The 26th April 2017 marks the 80th year from the bombing of the town of Guernica. To mark this day I asked people involved in remakings of Picasso’s Guernica: What does Guernica mean to you now? Here is Jenny Engledow’s reply:

Remaking Picasso’s Guernica as a protest banner

One of the first things I feel about having been part of the Remaking of Picasso’s Guernica is proud, proud to have been part of making such a lovely piece of work; proud to have worked with such good people in the collective; proud to have been part of the 2 years of public sewings and proud to help carry this piece that conveys such instant recognition.

Protest, 2014, Brighton. Courtesy of Cath Hann.
Protest, 2014, Brighton. Courtesy of Cath Hann.

Many people relate the meaning of the tragedy of Guernica to whatever the cause of its presence at the time of their seeing the banner, they make the connection. For me it continues to hold the same sad meaning of people being killed or wounded, homes shattered and lives ruined, of fear and homelessness and refugees, and racism and nimbyism [not in my back yard] and walls to keep people out or in and attacks and traffickers like leeches sucking the life from people who have no power to stop them.
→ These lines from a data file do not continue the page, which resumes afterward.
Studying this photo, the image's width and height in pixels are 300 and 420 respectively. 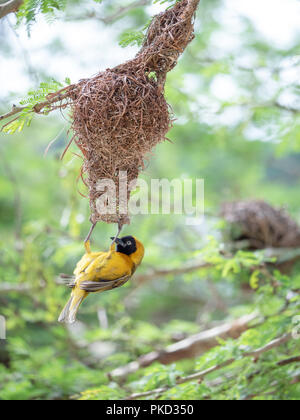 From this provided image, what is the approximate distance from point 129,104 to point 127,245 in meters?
1.08

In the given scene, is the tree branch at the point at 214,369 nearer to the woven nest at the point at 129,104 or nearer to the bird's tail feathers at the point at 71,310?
the bird's tail feathers at the point at 71,310

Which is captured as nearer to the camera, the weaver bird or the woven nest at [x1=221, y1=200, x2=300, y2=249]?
the weaver bird

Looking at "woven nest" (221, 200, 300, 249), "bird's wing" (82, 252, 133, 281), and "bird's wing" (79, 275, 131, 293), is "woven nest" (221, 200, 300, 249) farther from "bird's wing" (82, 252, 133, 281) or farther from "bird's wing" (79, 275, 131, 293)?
"bird's wing" (79, 275, 131, 293)

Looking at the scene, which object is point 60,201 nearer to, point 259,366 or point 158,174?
point 158,174

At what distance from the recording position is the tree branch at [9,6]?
8.08 feet

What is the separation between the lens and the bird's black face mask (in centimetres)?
300

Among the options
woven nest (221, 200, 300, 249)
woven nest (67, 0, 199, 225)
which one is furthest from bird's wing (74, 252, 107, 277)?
woven nest (221, 200, 300, 249)

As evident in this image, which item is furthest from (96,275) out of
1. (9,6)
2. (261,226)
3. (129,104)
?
(261,226)

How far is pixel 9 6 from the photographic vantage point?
8.11 ft

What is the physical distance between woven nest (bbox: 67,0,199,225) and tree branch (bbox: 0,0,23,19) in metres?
0.62

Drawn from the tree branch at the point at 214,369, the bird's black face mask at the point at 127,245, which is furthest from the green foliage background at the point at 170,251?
the bird's black face mask at the point at 127,245

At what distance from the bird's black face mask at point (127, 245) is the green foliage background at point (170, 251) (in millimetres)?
555

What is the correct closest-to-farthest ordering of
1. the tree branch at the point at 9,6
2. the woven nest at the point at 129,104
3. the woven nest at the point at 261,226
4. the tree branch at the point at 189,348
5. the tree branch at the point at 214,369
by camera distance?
the woven nest at the point at 129,104, the tree branch at the point at 9,6, the tree branch at the point at 214,369, the tree branch at the point at 189,348, the woven nest at the point at 261,226

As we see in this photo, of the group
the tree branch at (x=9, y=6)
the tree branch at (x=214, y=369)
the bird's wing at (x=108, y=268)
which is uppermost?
the tree branch at (x=9, y=6) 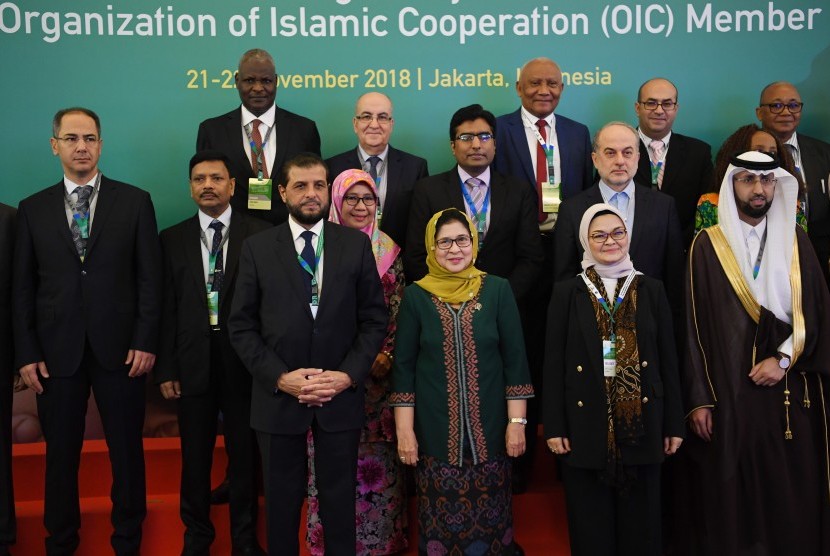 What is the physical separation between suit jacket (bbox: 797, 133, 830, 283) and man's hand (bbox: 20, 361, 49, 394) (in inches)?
144

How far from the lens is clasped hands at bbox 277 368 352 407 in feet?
A: 10.9

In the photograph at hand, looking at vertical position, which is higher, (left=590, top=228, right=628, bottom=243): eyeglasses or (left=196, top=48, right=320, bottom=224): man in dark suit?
(left=196, top=48, right=320, bottom=224): man in dark suit

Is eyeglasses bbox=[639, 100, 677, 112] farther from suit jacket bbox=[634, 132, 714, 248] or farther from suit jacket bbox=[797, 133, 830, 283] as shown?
suit jacket bbox=[797, 133, 830, 283]

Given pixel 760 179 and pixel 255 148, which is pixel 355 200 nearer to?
pixel 255 148

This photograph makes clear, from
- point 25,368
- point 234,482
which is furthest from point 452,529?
point 25,368

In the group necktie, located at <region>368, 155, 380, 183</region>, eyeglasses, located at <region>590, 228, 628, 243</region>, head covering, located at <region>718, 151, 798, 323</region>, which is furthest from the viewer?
necktie, located at <region>368, 155, 380, 183</region>

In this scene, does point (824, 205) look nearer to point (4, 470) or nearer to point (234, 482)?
point (234, 482)

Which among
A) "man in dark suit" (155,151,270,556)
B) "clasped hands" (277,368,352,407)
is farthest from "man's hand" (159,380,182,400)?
"clasped hands" (277,368,352,407)

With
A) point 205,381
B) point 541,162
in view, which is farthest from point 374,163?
point 205,381

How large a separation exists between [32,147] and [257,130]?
5.02ft

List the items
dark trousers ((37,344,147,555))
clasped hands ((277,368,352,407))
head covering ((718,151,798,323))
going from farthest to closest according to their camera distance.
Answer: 1. dark trousers ((37,344,147,555))
2. head covering ((718,151,798,323))
3. clasped hands ((277,368,352,407))

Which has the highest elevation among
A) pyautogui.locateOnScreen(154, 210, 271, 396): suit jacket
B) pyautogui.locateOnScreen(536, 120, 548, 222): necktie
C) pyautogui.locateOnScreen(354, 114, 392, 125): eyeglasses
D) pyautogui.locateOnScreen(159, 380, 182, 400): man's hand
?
pyautogui.locateOnScreen(354, 114, 392, 125): eyeglasses

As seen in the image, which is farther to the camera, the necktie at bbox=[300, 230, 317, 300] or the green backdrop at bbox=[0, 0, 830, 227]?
the green backdrop at bbox=[0, 0, 830, 227]

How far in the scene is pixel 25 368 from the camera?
3.79m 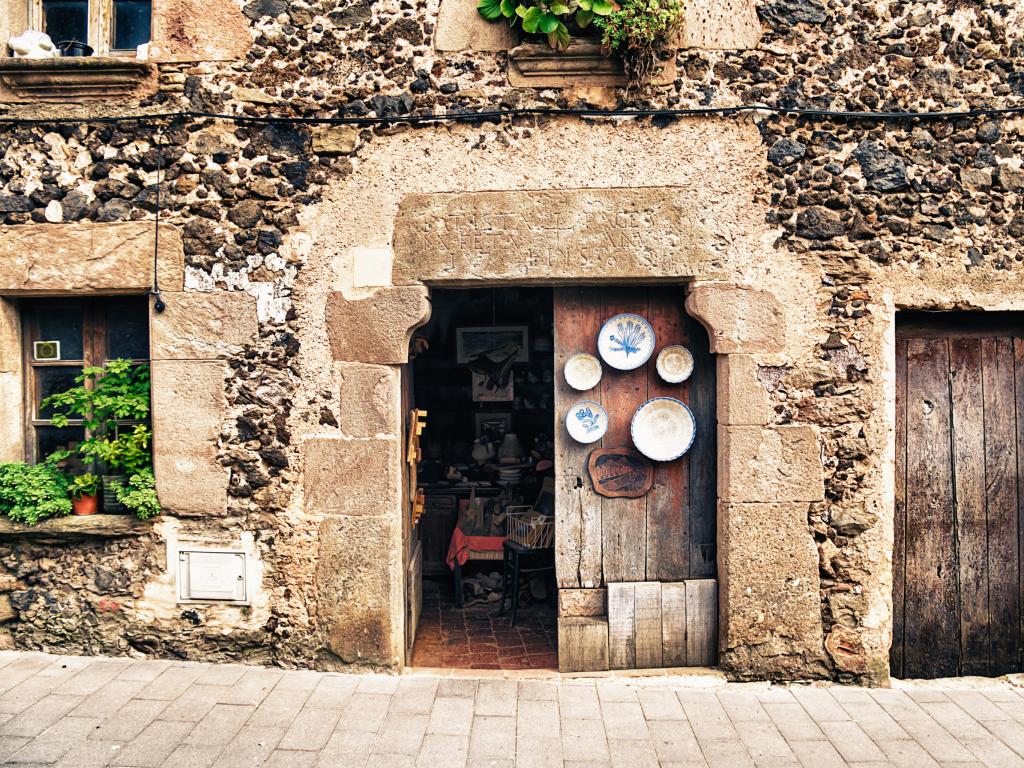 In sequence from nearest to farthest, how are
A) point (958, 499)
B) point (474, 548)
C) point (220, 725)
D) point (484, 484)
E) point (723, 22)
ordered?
1. point (220, 725)
2. point (723, 22)
3. point (958, 499)
4. point (474, 548)
5. point (484, 484)

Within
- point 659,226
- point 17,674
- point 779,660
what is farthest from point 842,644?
point 17,674

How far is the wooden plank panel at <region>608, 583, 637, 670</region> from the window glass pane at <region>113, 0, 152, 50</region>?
14.2 ft

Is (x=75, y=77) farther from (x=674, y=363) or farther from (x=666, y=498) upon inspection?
(x=666, y=498)

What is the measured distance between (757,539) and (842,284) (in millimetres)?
1475

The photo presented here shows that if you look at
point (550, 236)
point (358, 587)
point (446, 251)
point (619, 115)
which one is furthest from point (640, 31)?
point (358, 587)

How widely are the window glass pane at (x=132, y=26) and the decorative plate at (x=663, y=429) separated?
3.71 meters

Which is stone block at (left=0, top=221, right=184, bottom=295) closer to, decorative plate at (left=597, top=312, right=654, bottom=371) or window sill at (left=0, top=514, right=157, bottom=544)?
window sill at (left=0, top=514, right=157, bottom=544)

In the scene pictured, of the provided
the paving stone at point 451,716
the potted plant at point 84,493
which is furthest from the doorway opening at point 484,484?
the potted plant at point 84,493

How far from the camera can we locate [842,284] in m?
3.49

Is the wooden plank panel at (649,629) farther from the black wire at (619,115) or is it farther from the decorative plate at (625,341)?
the black wire at (619,115)

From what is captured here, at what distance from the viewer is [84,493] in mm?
3670

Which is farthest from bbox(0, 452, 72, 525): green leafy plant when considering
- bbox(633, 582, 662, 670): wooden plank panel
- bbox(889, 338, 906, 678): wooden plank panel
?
bbox(889, 338, 906, 678): wooden plank panel

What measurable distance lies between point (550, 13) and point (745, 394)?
7.51 ft

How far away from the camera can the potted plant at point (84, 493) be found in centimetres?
364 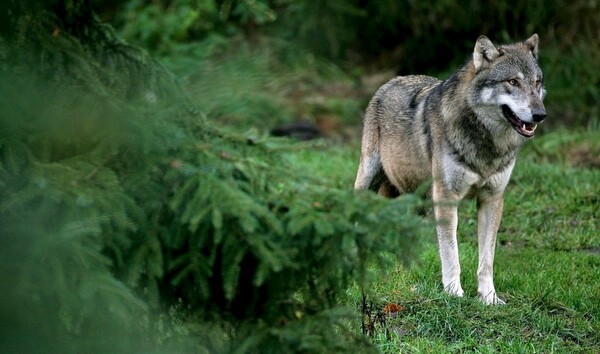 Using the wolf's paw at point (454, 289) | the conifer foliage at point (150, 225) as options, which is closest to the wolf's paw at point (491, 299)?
the wolf's paw at point (454, 289)

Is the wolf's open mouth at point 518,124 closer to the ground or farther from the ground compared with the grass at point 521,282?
farther from the ground

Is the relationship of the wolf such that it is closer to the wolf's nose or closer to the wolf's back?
the wolf's nose

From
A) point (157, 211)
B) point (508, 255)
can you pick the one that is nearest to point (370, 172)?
point (508, 255)

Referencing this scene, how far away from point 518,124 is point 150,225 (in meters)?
3.90

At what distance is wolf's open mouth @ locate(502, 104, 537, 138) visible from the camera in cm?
650

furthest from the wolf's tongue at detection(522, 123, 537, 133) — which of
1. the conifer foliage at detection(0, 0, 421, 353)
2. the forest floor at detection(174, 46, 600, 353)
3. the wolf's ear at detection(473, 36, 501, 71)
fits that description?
the conifer foliage at detection(0, 0, 421, 353)

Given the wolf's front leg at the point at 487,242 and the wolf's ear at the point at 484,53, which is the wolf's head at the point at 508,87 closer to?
the wolf's ear at the point at 484,53

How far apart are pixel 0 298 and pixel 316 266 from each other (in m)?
1.17

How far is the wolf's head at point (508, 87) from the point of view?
6.50m

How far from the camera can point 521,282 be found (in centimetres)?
674

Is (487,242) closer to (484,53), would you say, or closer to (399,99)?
(484,53)

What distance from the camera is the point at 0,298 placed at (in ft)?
9.62

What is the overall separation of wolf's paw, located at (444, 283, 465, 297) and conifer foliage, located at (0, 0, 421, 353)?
2.87 metres

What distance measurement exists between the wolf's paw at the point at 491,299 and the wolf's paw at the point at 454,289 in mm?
146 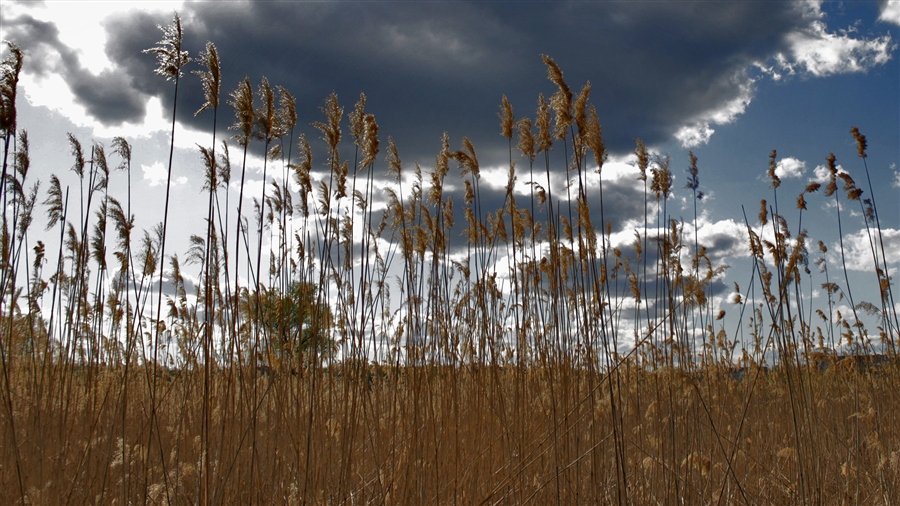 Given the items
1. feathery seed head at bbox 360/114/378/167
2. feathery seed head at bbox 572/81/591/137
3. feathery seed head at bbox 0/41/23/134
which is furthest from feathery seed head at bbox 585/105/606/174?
feathery seed head at bbox 0/41/23/134

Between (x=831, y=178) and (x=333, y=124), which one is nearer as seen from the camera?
(x=333, y=124)

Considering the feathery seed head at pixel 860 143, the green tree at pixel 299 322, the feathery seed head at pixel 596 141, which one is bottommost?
the green tree at pixel 299 322

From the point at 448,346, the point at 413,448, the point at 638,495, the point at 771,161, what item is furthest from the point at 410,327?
the point at 771,161

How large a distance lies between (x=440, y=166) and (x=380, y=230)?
1.97ft

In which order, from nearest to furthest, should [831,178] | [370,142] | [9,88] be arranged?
[9,88]
[370,142]
[831,178]

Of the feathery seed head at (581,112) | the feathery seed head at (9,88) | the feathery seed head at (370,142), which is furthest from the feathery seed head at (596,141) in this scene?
the feathery seed head at (9,88)

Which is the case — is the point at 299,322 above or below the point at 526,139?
below

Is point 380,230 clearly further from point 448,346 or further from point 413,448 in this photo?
point 413,448

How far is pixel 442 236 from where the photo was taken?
3553 millimetres

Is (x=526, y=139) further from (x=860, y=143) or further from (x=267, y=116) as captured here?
(x=860, y=143)

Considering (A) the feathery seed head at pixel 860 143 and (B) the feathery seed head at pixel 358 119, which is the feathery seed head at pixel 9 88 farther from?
(A) the feathery seed head at pixel 860 143

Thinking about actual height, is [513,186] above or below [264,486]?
above

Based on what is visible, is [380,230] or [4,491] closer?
[4,491]

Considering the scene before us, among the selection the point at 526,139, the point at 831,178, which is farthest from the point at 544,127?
the point at 831,178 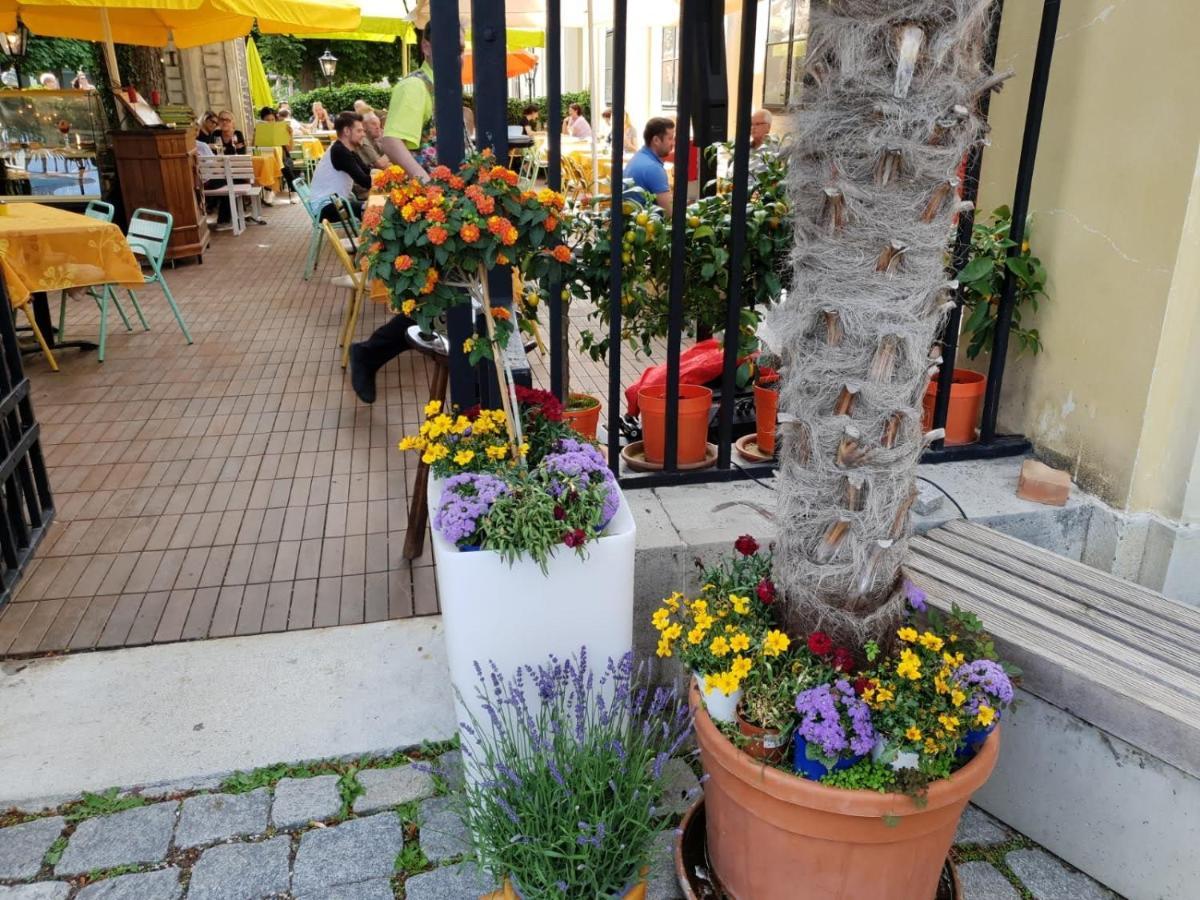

It still brings these things to mind when I stop to think.

I have not worked on a banner collectively before and found it a very valuable experience, as working through to solutions with 12 of us was quite complex and required a lot of listening and studying other people’s thoughts and ideas.

Since working on the Guernica banner I have become involved with a new group beginning to establish itself and work together. It was prompted by a woman who saw the Guernica banner and wanted to join with others to make political banners, and so we have met and worked out what we would like to make, early stages yet, and we hope to have public sewings.

Sadly I see the need to keep taking the banner to demonstrations to try to counteract the increasingly ugly human behaviour in this unstable world. The look of horror on the face of the woman on the banner retains her power for me and I identify with her in still being shocked by the inhumanity some people display.


Remaking Picasso's Guernica a banner, 2015. Courtesy of Joe Hague.
Remaking Picasso’s Guernica a banner, 2015. Courtesy of Joe Hague.

Guernica Remakings Videos

In the first of three research videos on Remaking Picasso’s Guernica a banner the makers discuss the importance of Picasso’s Guernica in the 21st century and what motivated them to remake it through a series of public sewings.  How it functions as a work of art, an act of protest and a gathering point are described. The banner when on display in galleries and at demonstrations is a constant reminder of the causes of the current humanitarian crisis, a visual depiction of the suffering people are escaping in the hope of finding refuge.